- _Given data_:
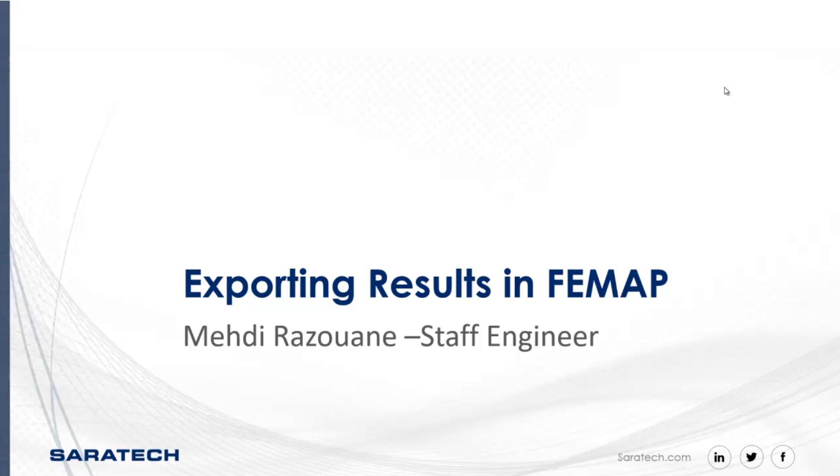Hi guys, my name is Mehdi Razouane. I'm a staff engineer at Saratech, and today I'll be showing you how to export results using Femap's data table.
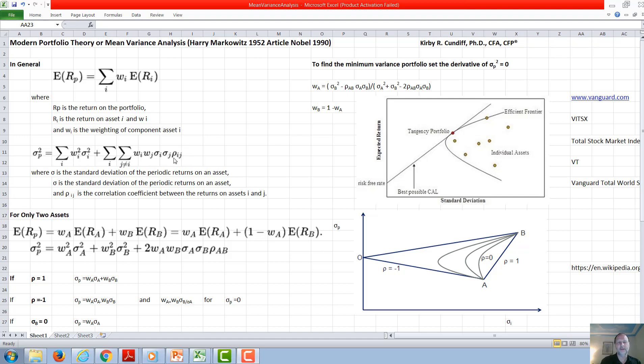So if they are not correlated at all, this would be zero. If they are exactly correlated, this would be one. And if they are negatively correlated, this would be minus one.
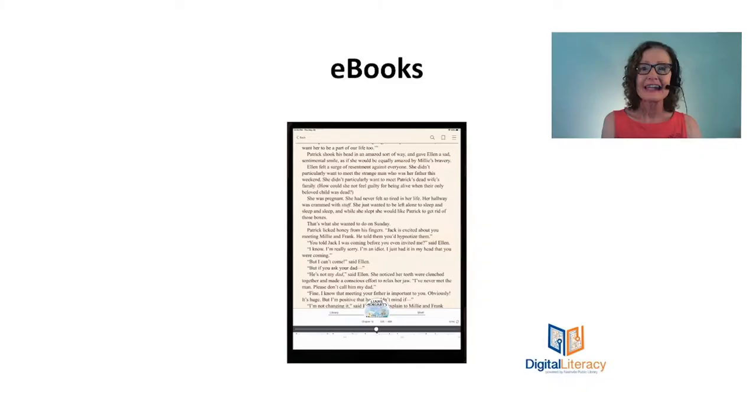My name is Cheryl and I work on the digital inclusion team at the Nashville Public Library. Today I'm going to talk with you about how you can read and listen to books using your iPhone or your iPad.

- _Your goal_: Please write the material out again exactly as shown above, minus any pictures.

- _Result for this task_:
Hi guys, my name is Mehdi Razouane. I'm a staff engineer at Saratech, and today I'll be showing you how to export results using Femap's data table.
So if they are not correlated at all, this would be zero. If they are exactly correlated, this would be one. And if they are negatively correlated, this would be minus one.
My name is Cheryl and I work on the digital inclusion team at the Nashville Public Library. Today I'm going to talk with you about how you can read and listen to books using your iPhone or your iPad.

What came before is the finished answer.